L’écrivain a probablement écrit cette
fresque pour laisser à ses enfants, et aux leurs, le souvenir de la vie d’un
intellectuel à un moment charnière de la société québécoise avec, en
arrière-plan, une éducation chrétienne dont il faut gommer les tares en la transformant
en État laïque.
Il précise avoir écrit ce livre « pour
conjurer la peur d’une démence et découvrir un peu de la cohérence dans le
travail d’une vie. L’ouvrage peut contenir des inexactitudes; les souvenirs
s’emmêlent parfois. » Soyons avertis et doutons raisonnablement des
anecdotes relatées avec trop de précision, sans pour autant gâter le plaisir de
lire l’ouvrage.
L’humilité n’ayant jamais été, selon
la rumeur du milieu, la première qualité de l’auteur, il n’en demeure pas moins
qu’il a eu, à ce jour, une carrière remarquable qui a sûrement été jalousée.
Professeur, rédacteur, journaliste, écrivain, cinéaste, éditeur, gestionnaire
et grand voyageur: c’est là un résumé sans nuances de son fonds de commerce. On
n’est donc pas surpris que l’essentiel du livre fasse la narration des divers
projets et aux réalisations qui ont marqué les époques de sa vie.
N’oublions pas que Jacques
Godbout a eu les éditions du Seuil comme éditeur, le même qu’Anne Hébert, et
que ses fréquentes visites aux bureaux parisiens de la rue Jacob lui ont permis
des rencontres littéraires exceptionnelles. Souvenons-nous de sa carrière à
l’ONF et, dans ce contexte, son compagnonnage avec des gens remarquables comme
Florian Sauvageau, le père du journalisme québécois contemporain.
Que dire de son apport à la
création de l’Union des écrivaines et écrivains du Québec, et son rôle d’éditeur
et de membre du CA des éditions Boréal?

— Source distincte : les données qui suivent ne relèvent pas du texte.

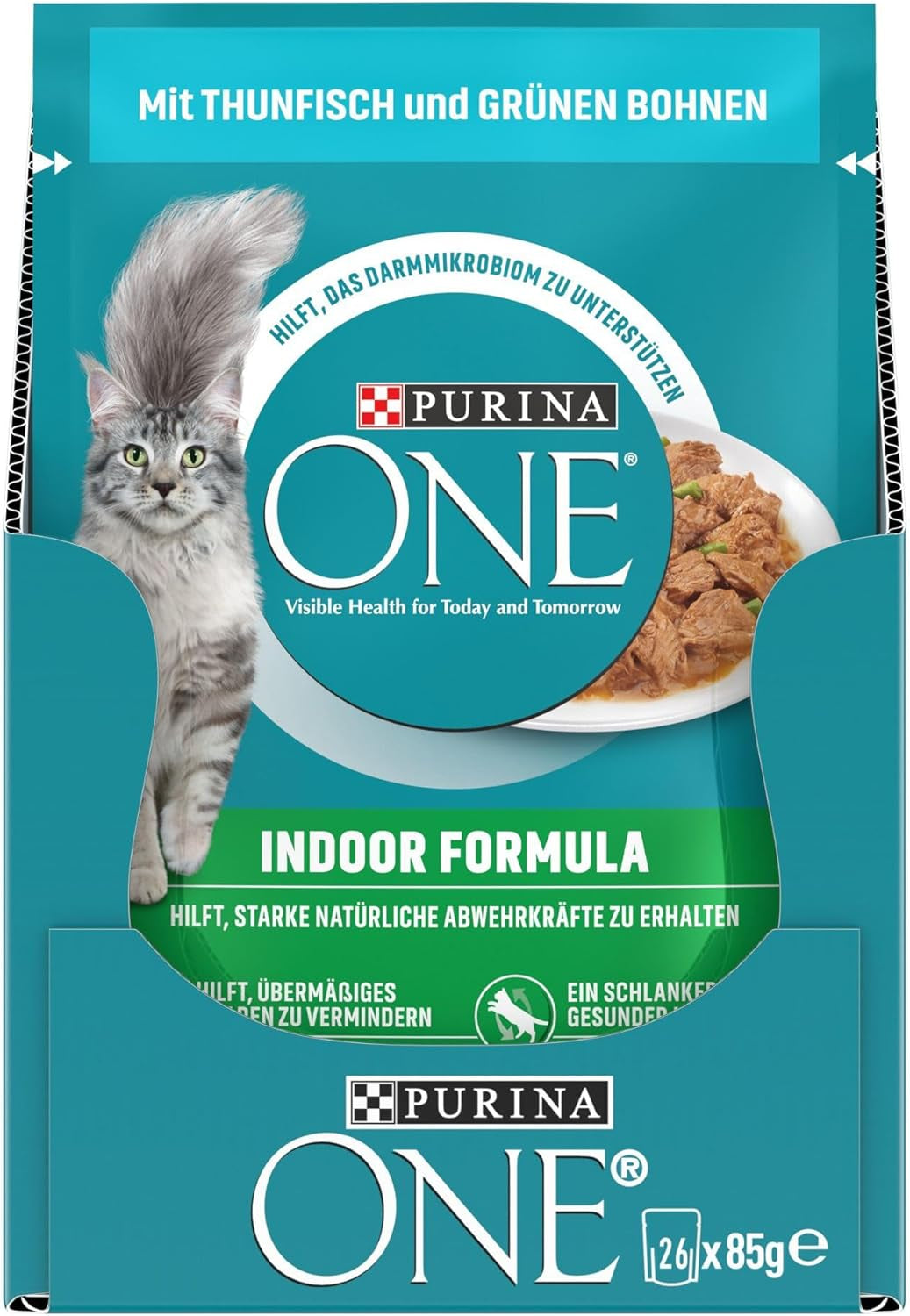 PURINA ONE Indoor Formula Nourriture humide pour chat, morceaux tendres dans une sauce au thon maison, paquet de 26 (26 x 85 g)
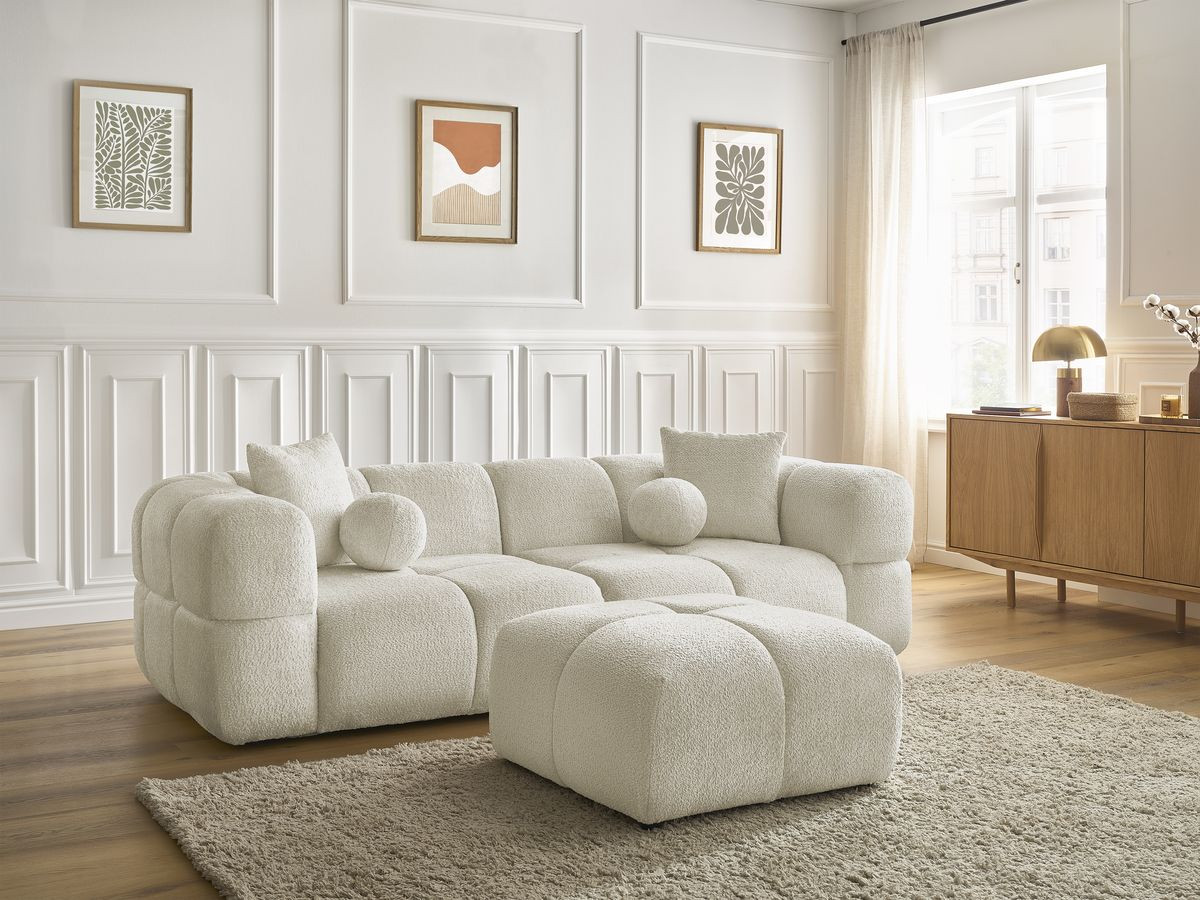 Canapé droit 3 places CRISTINA avec pouf beige — vue 6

Comment oublier ses chroniques dans L’actualité, tout comme celles du
regretté Gilles Marcotte, pour l’intelligence de leurs analyses sociales ou
littéraires.
De l’avantage d’être né nous convie ainsi au récit de l’épopée d’un
intellectuel ayant marqué la société québécoise depuis les années 1960, une rare
occasion dont il faut tirer des leçons sur l’évolution sociopolitique et
culturelle de ce pays qui n’en est pas un, sinon par ce qu’en ont fait des
femmes et des hommes de la trempe et de la génération de Jacques Godbout. Puis,
je partage l’opinion de Gilles Archambault qui veut que « les récits
autobiographiques ne valent que s’ils témoignent d’une profonde émotion de
vivre, d’une angoisse existentielle » (En
toute connaissance) et qui s’avère ici.